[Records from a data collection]
○ ○ ○

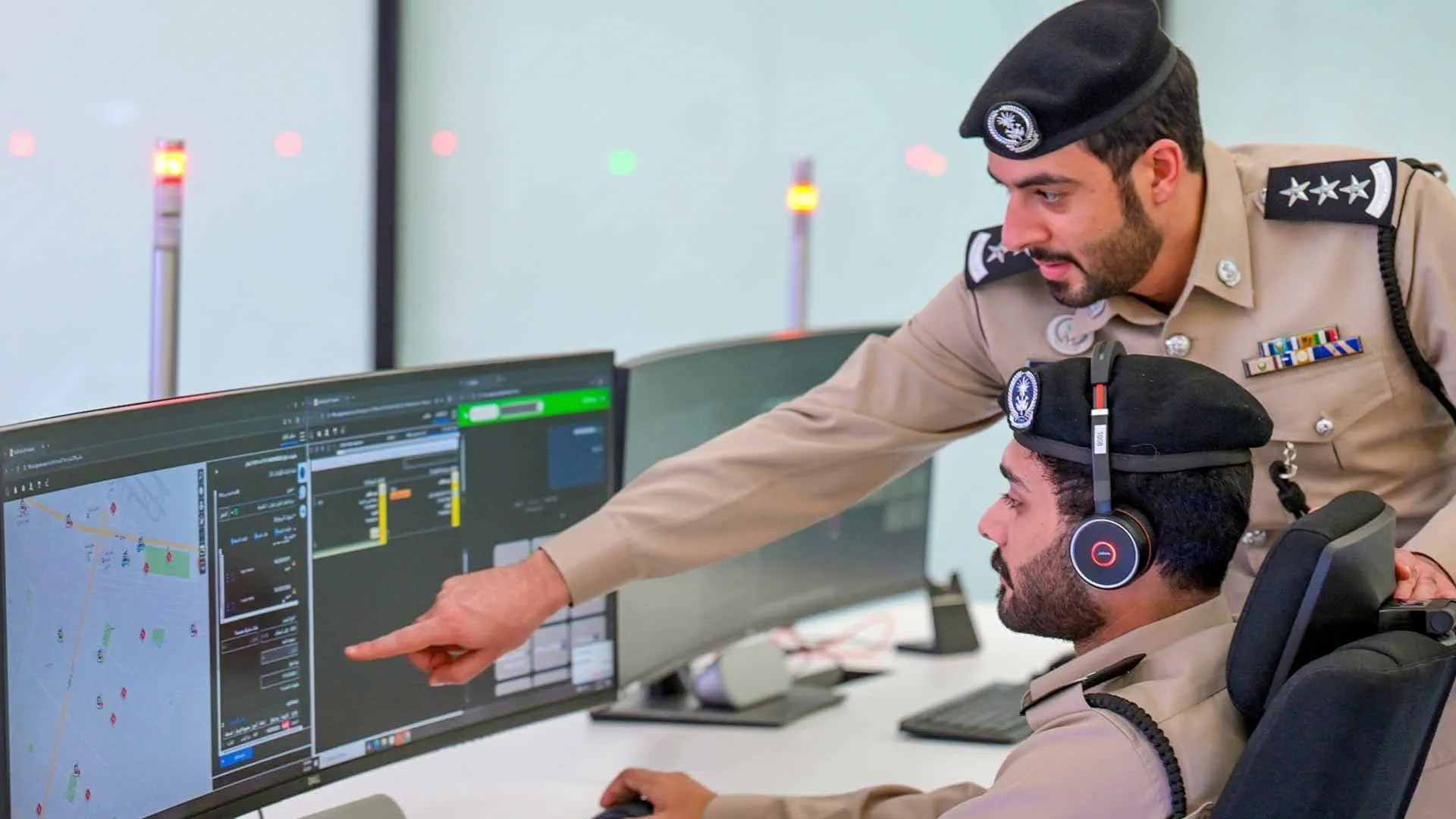Sharjah Police rescue two from faulty vehicle in10 minutes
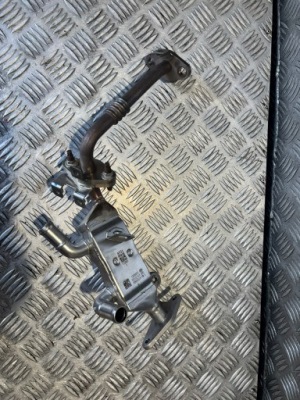 Renault captur 2 радиатор выхлопных газов egr 147354pm0a фото №1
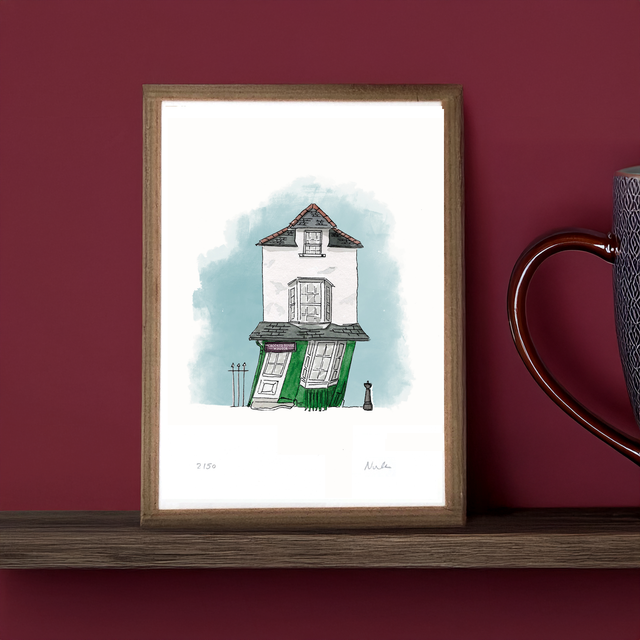 Windsor Crooked House Art Print – Mini British Landmark Wall Art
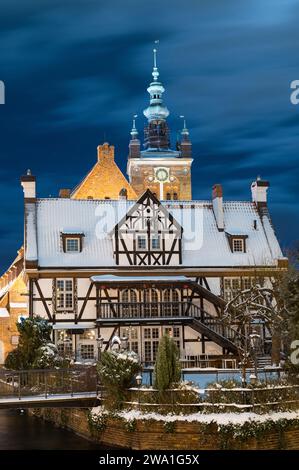 2023-02-04; Blick auf das mühlenhaus, große Mühle im Winter Danzig, Polen. Stockfoto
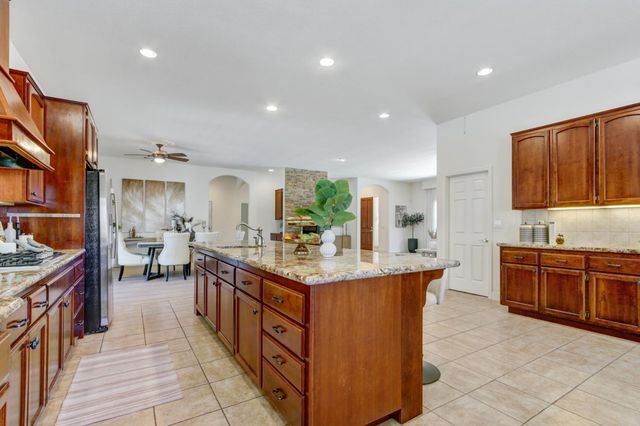 5694 Rolling Oak Dr., Sacramento, CA 95841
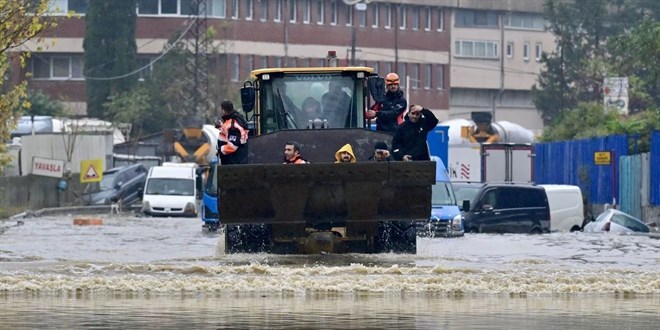 �stanbul'daki selde can kayb� 3'e y�kseldi - Son Dakika Haber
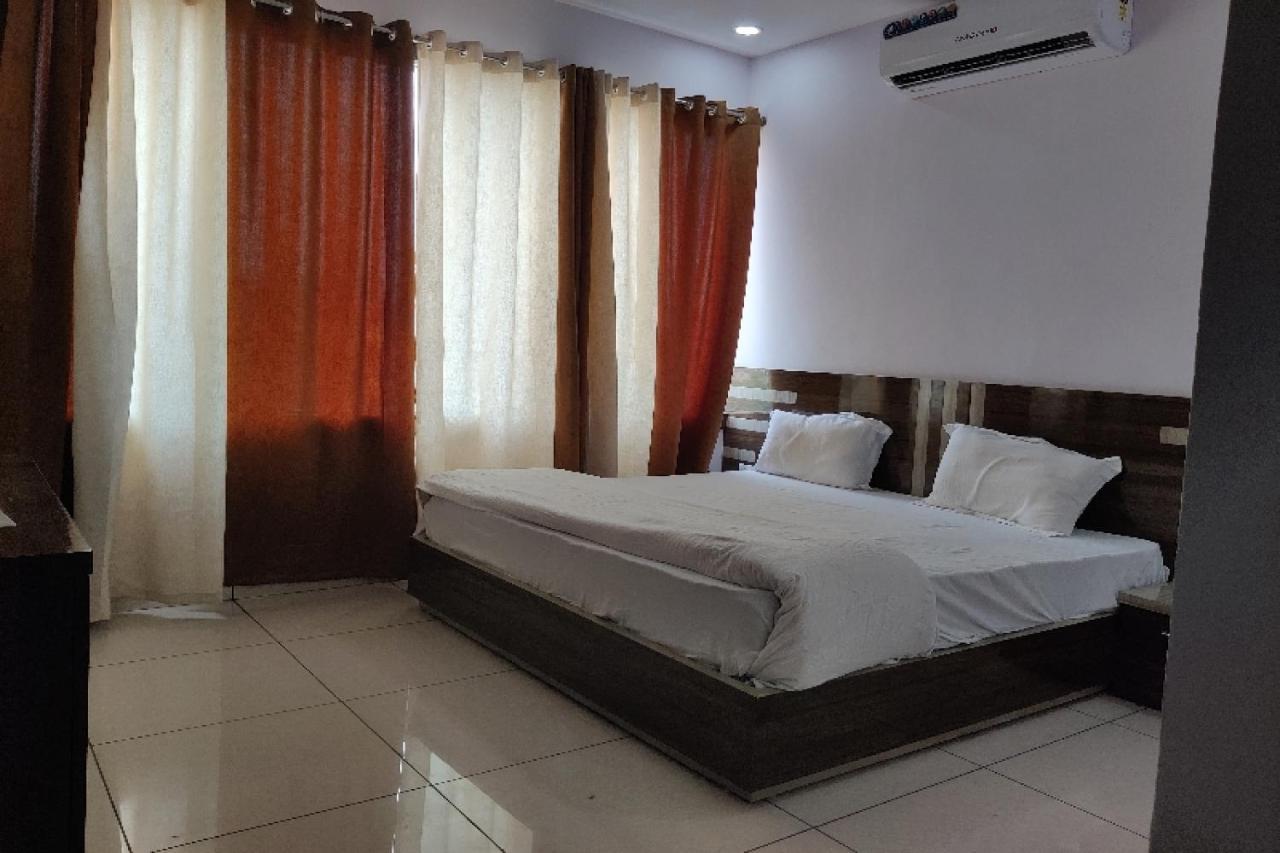 Oyo Hotel Laksh Kurukshetra Extérieur photo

○ ○ ○

> _WHAT YOU NEED TO DO_
Would you reproduce, exactly and with nothing added, every line from the beginning of the entries above through the line that contains "2023-02-04; Blick auf", both included, leaving out the pictures?

> _ANSWER TO THE EXERCISE_
Sharjah Police rescue two from faulty vehicle in10 minutes
 Renault captur 2 радиатор выхлопных газов egr 147354pm0a фото №1
 Windsor Crooked House Art Print – Mini British Landmark Wall Art
 2023-02-04; Blick auf das mühlenhaus, große Mühle im Winter Danzig, Polen. Stockfoto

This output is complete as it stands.